Эволюция такого рода знаменует уже новый этап. Ренуар этого периода, несомненно, жил уже в другом Ренуаре, подобно тому, как красоты «Реки» уже намечаются в «Загородной прогулке». Автор продолжит свой путь в прежнем направлении, восстанавливая связь со своей цивилизацией, с тем, что есть в ней в некотором смысле наиболее законченного, изысканного и тонкого. Он воссоздаст в кино нечто вроде «дивертисмента» в духе XVIII века; отобразит на экране то представление о нем, которое складывается в уме, отрешившемся от своих страстей и чувств; это по существу свободная игра, чисто духовное наслаждение, превращающее наши условности в повод для очарования наподобие того, как балетмейстер превращает жест в арабеску.

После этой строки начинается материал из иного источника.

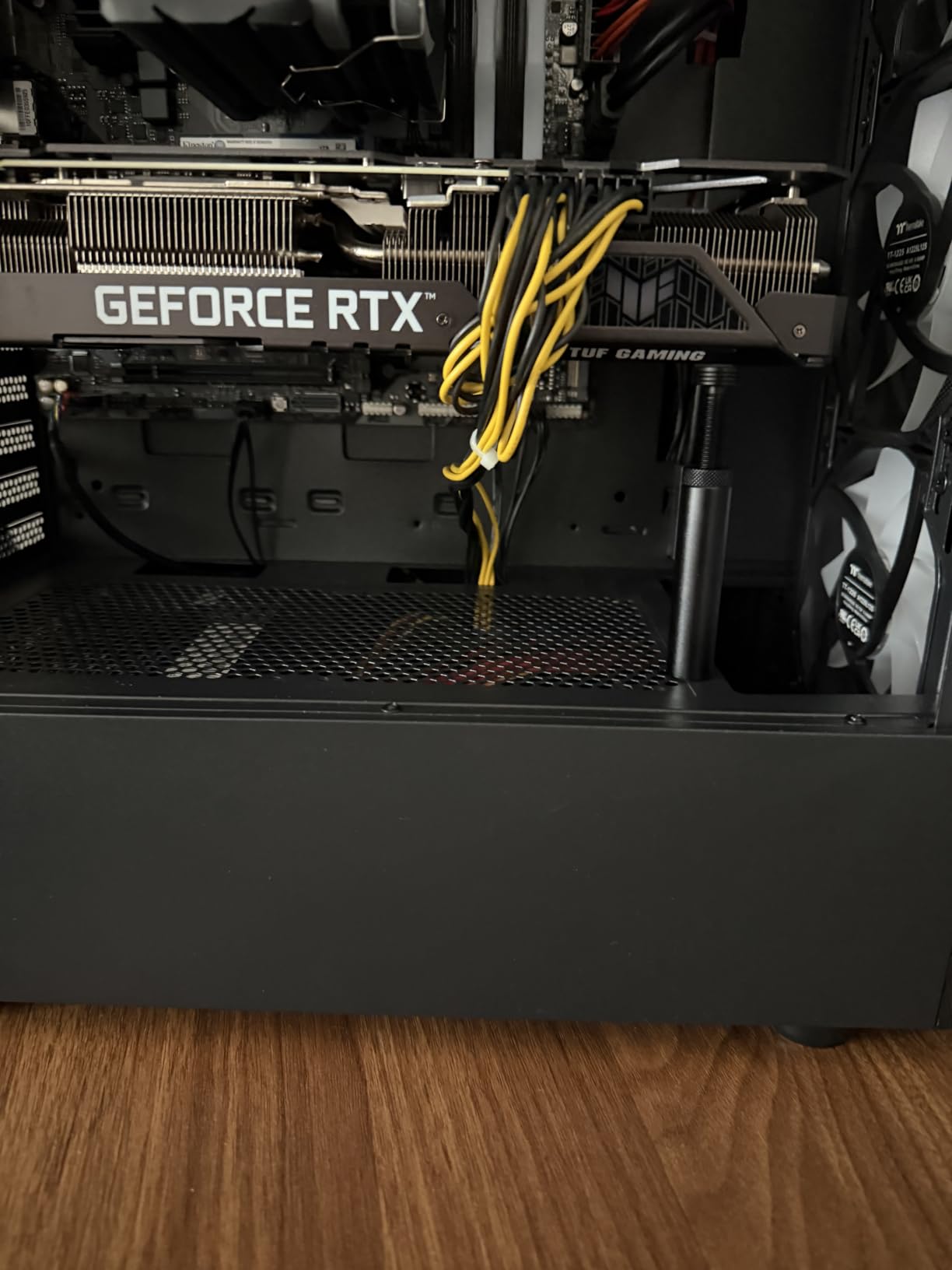 acer GPU Support Bracket, GPU Stand with Magnet Non-Slip Base,(L, 70-120mm) | Adjustable Graphics Card Holder, Video Card Sag Holder Bracket Fits Most Cases, Tool-Free GPU Brace customer photo 2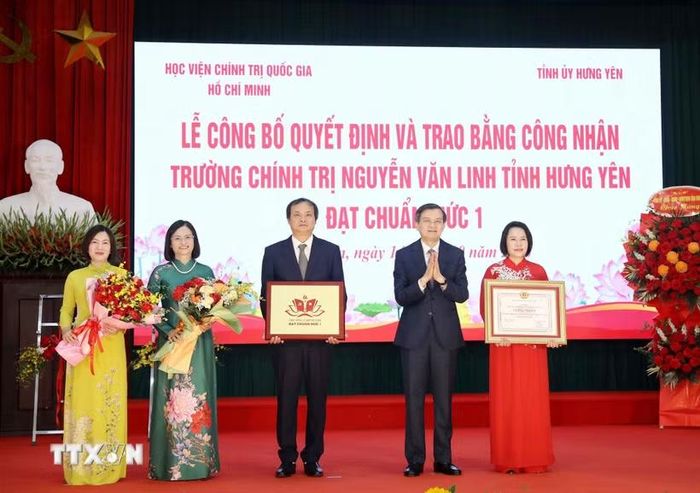 Ủy viên Bộ Chính trị, Giám đốc Học viện Chính trị quốc gia Hồ Chí Minh Đoàn Minh Huấn trao Bằng công nhận Trường Chính trị Nguyễn Văn Linh đạt chuẩn mức 1. (Ảnh: Thế Duyệt/TTXVN)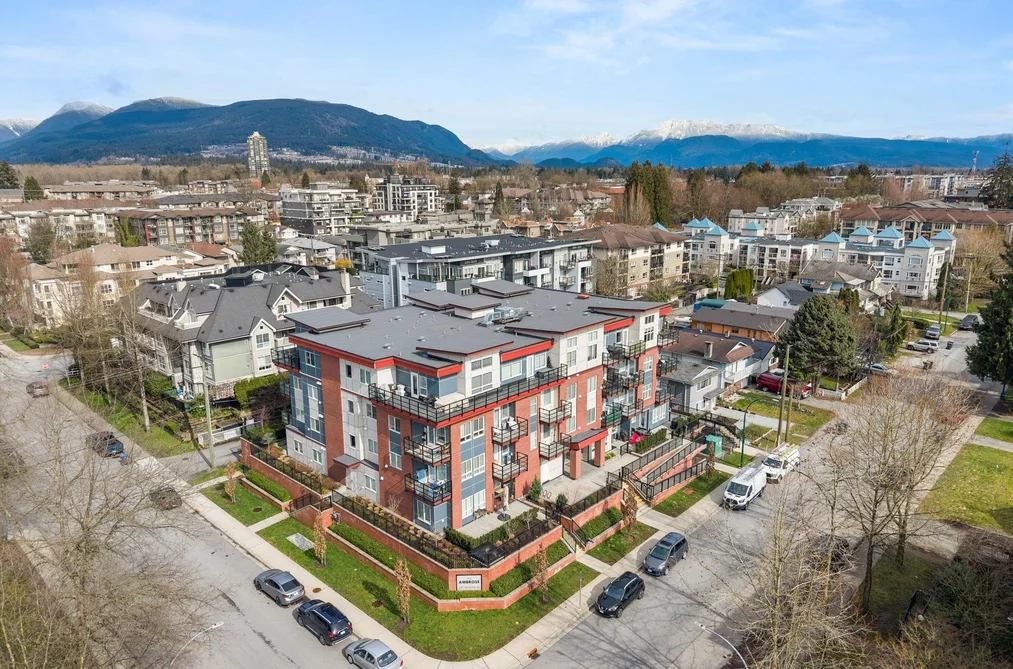 Condo for sale at 206 2389 Hawthorne Avenue Port Coquitlam British Columbia - MLS: R3117664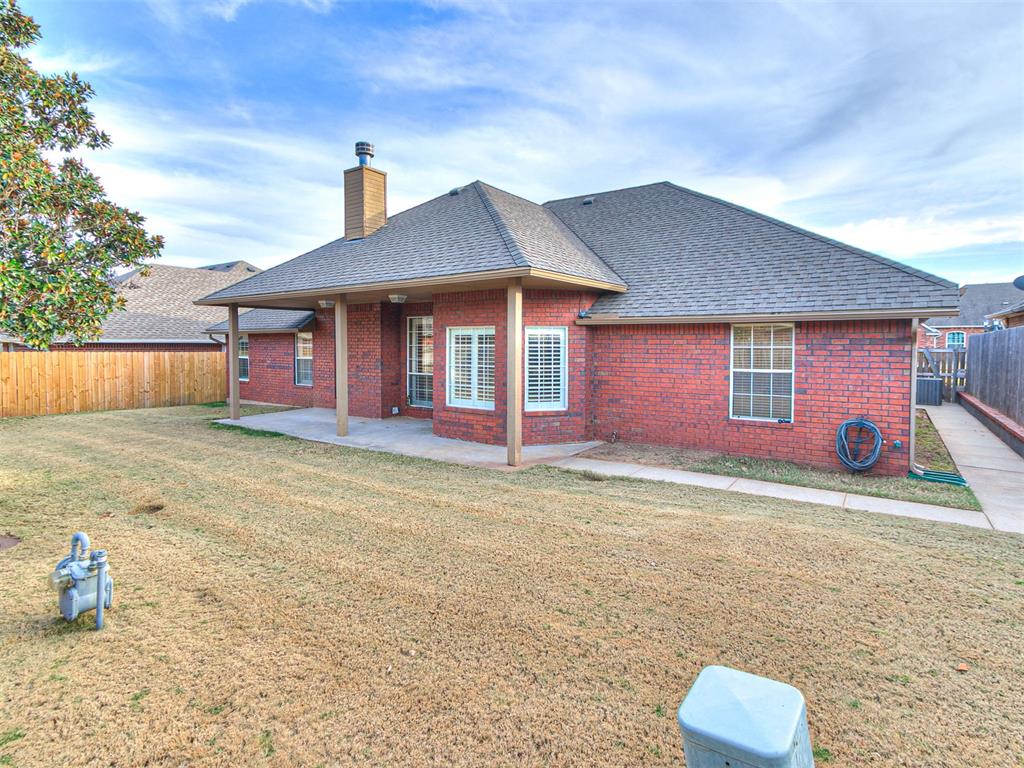 1809 Parkway Drive Property Photo 10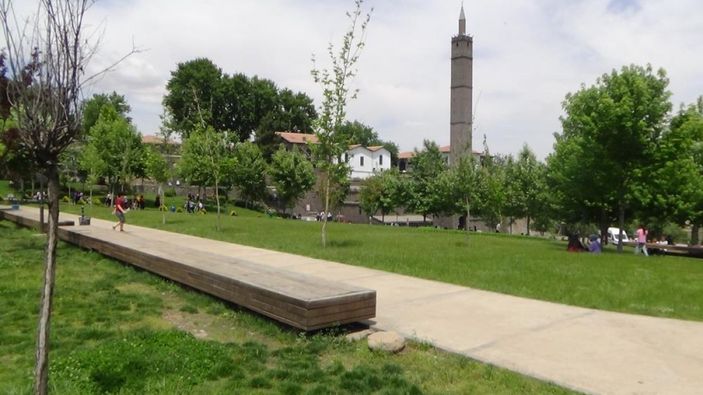 Diyarbakırlılar tarihi mekanları doldurdu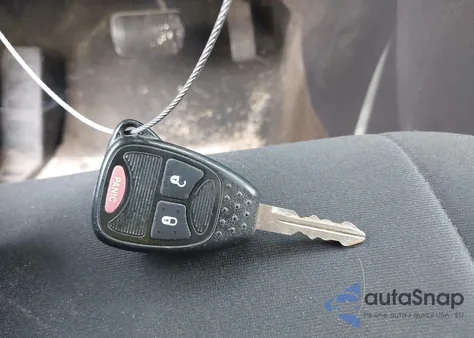 2014 Jeep Compass Sport z USA, uszkodzony, nr VIN 1C4NJCBA0ED727861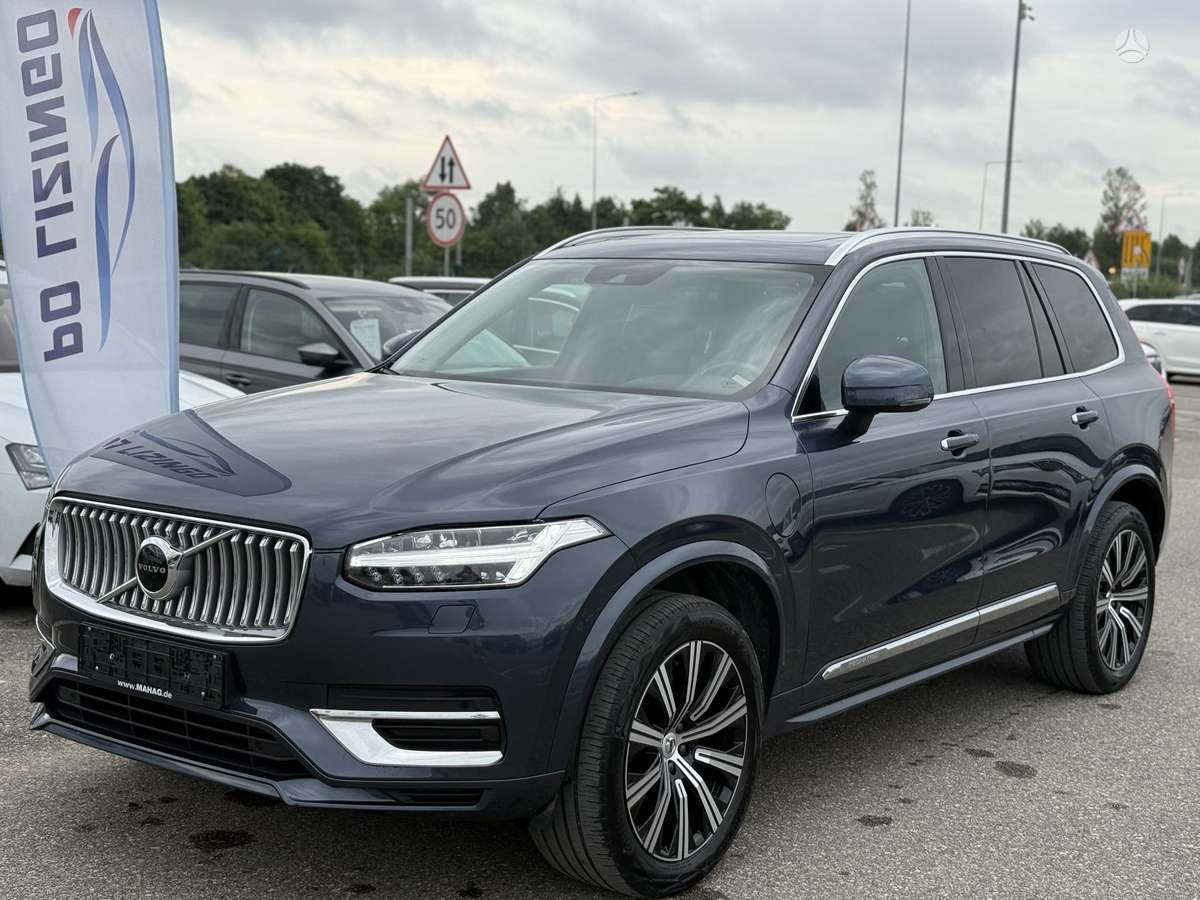Volvo XC90 - 1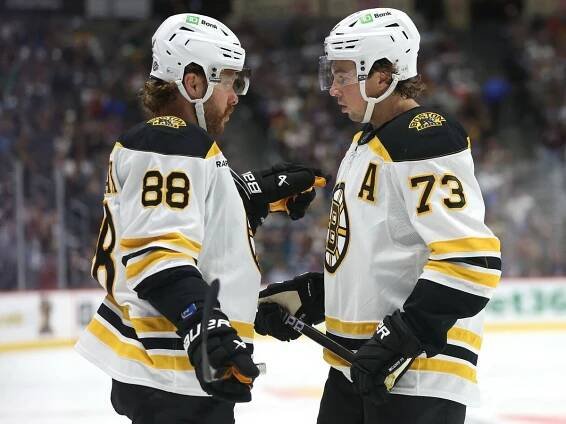 Naše dítě. McAvoy a Pastrňák pravděpodobně povedou Boston spolu a bez „céčka“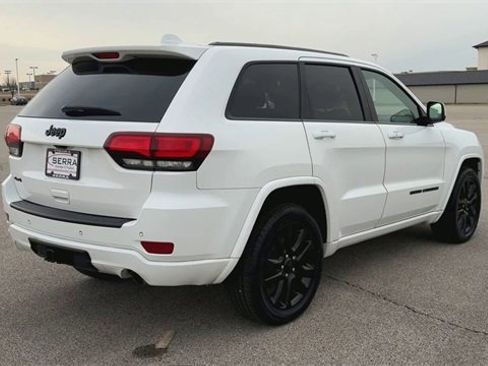 Used 2020 Jeep Grand Cherokee Altitude image 8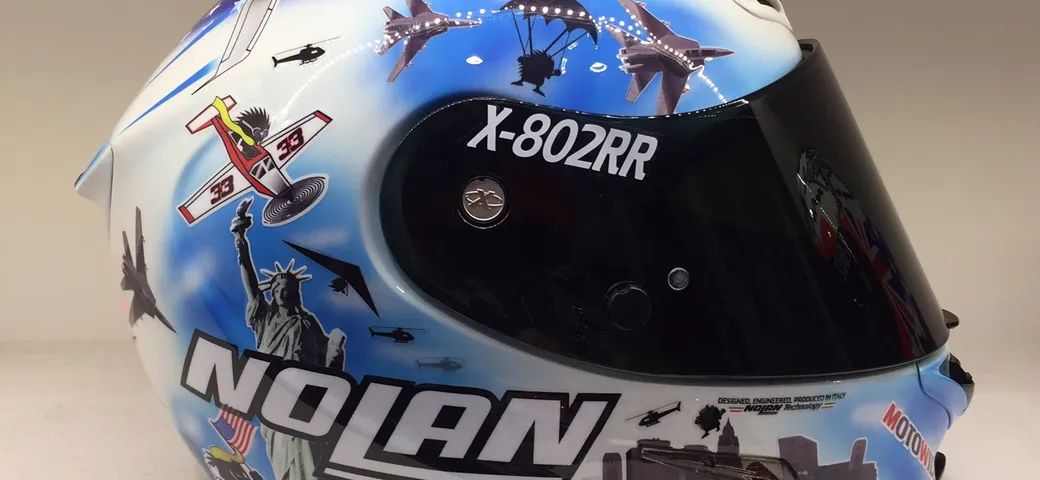 Marco Melandri: un casco speciale per Laguna Seca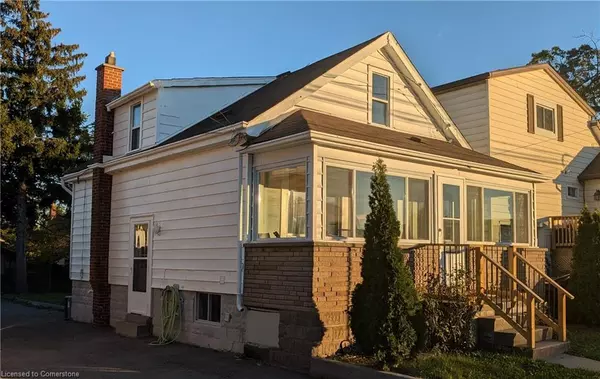 590 Woodward Avenue, Hamilton, ON L8H 6P1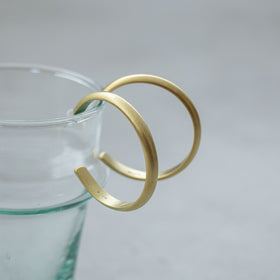 SURUME. THICK HOOP ピアス［期間限定販売］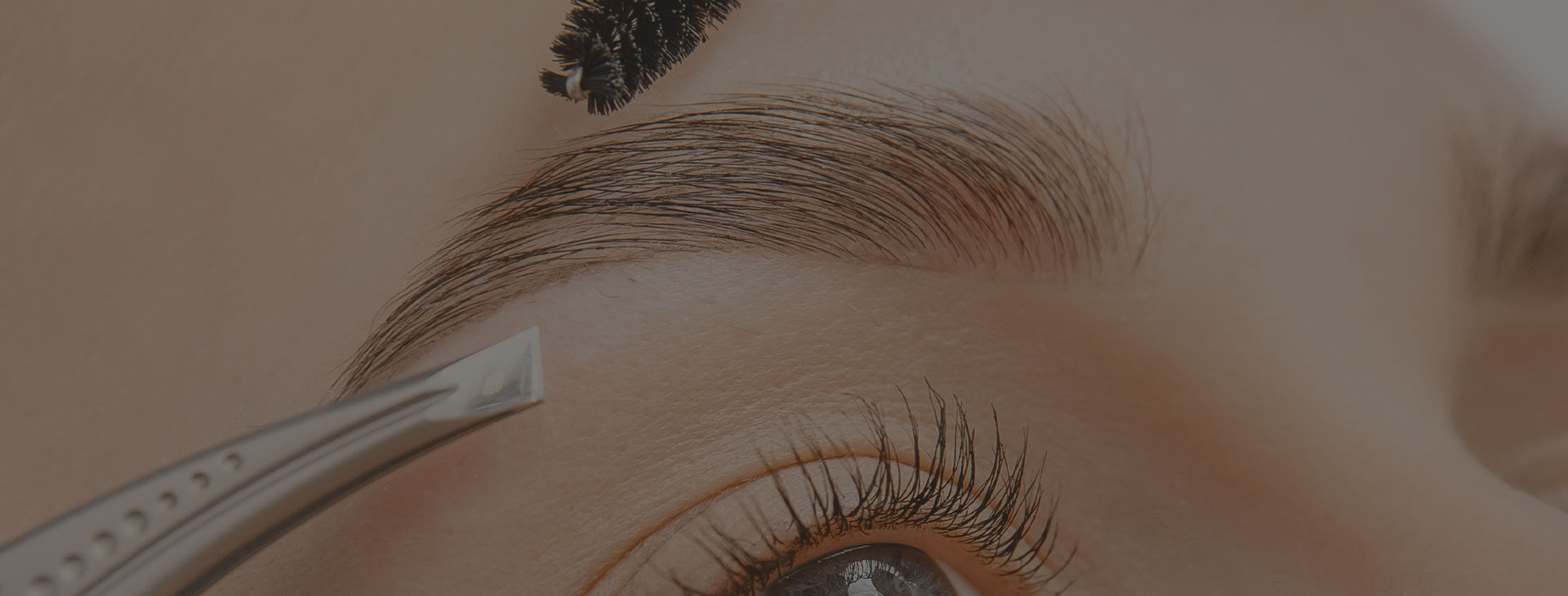 Brow Lift des sourcils près de Montpellier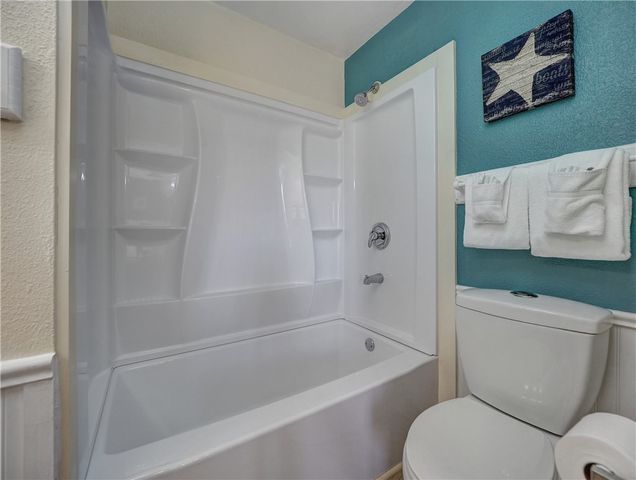 14300 Aloha St 104, Corpus Christi, TX 78418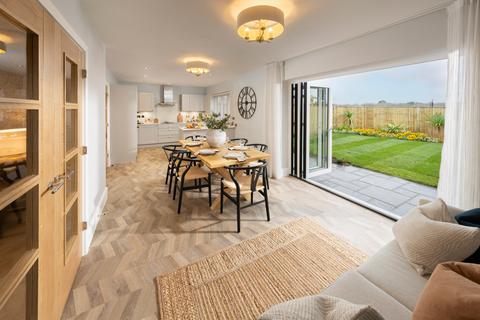 4 bedroom detached house for sale, Brockhills Lane, New Milton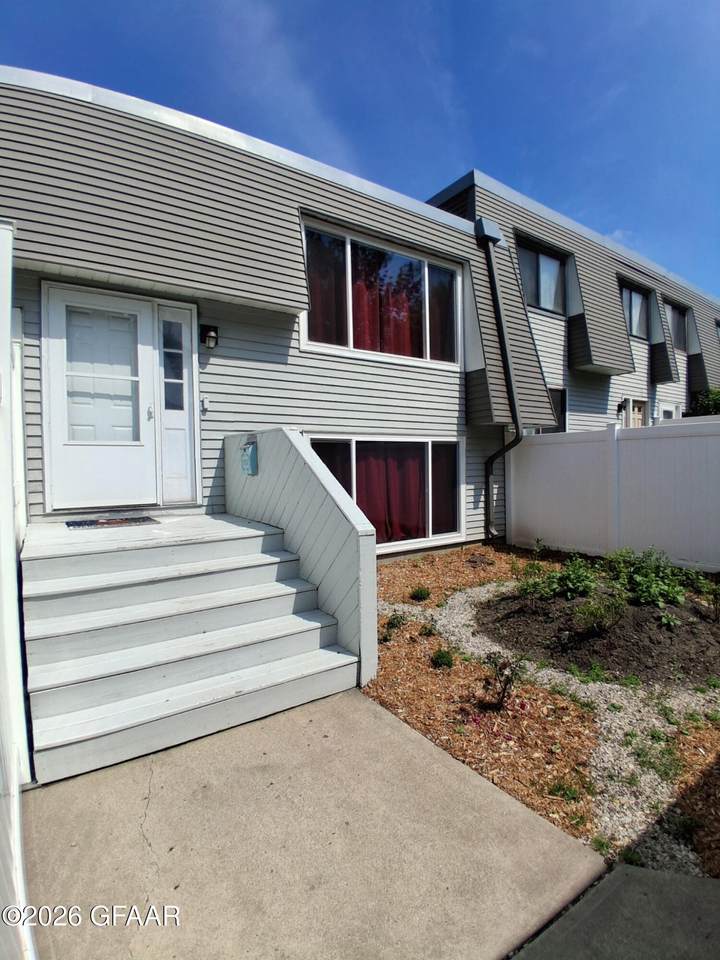 910 N 39Th Street - Photo 1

Известно, что «Золотая карета» ведет свое происхождение от пьесы Мериме «Карета святых даров». Но, как обычно бывает с Ренуаром, это только основа для работы его ума и фантазии. «У Мериме Перикола — актриса, в моем фильме есть актриса Камилла. В пьесе золотая карета символизирует светское тщеславие, в фильме — тоже. Заключительное решение и тут и там выносится епископом. Исходя из этих немногих моментов, мои сотрудники и я выдумали историю, которую можно было бы назвать «Актриса, театр и жизнь»[162]. Пьеса Мериме превратилась в фантазию в итальянском стиле, смысл которой режиссер в своем кратком вступлении разъясняет так: «Случалось, что труппы итальянских актеров, вытесненные из родной страны переменчивой модой, показывали Новому свету традиционных персонажей итальянской комедии, называемой «Comedia dell' arte»... История Периколы обогатится от соседства с миром более ветреным, но будет столь же насыщенной, как «Река», и откроет нам новые детали в зеркале души человека, каким является комедия.
Сюжет рассказывает о вице-короле Перу и звезде итальянской труппы Пернколе, принявшей имя Камиллы, об осложнениях в их любви, порожденных ревностью, а также игрой честолюбия и интригами придворного мира, воображающего себя всесильным. Но у Камиллы есть и другой возлюбленный — к ней пылает страстью знаменитый тореадор. Все ее привязанности приносят ей одни неприятности. Возвратив церковным властям золотую карету, свидетельство своей силы, Камилла тем самым спасает вице-короля и возвращается к своей единственной любви — к театру.
Так завершится и «Французский канкан». Но и здесь и там тема — только благовидный предлог, выставленный не без иронии. Режиссеру нравится эта тема, потому что он может сделать из нее драму, комедию, памфлет, торжественное посвящение. Ренуар беседует об этом с друзьями, выслушивает мнение технических работников, обсуждает ее со своими актерами. Об Анне Маньяни[163] он говорит так: «Я был убежден, что, быть может, вместе с ней Смогу приблизиться к классицизму». Он ищет музыку, которая бы его вдохновила, помогла бы настроиться на соответствующий лад. Член съемочной группы Гило Макки знакомит его с музыкой Вивальди. «Влияние Вивальди определило почерк режиссерского сценария». Он задал тон фильму: «Это и не драма, и не буффонада, и не бурлеск, а своего рода ирония, которой мне хотелось бы придать такую легкость, какую мы видим, например, у Гольдони».
Жан Ренуар называет свой фильм драматической фантазией. Определяя жанр с такой же вольностью, он назовет «Французский канкан» музыкальной комедией. В «Золотой карете» драма, или, точнее, интрига, оказывается во власти фантазии. Так возникают прелестные арабески, которые на протяжении всего фильма рисуют мальчуганы-акробаты. Не составляют ли такие «приправы» главное в искусстве Ренуара, неповторимое и неизменно ему присущее?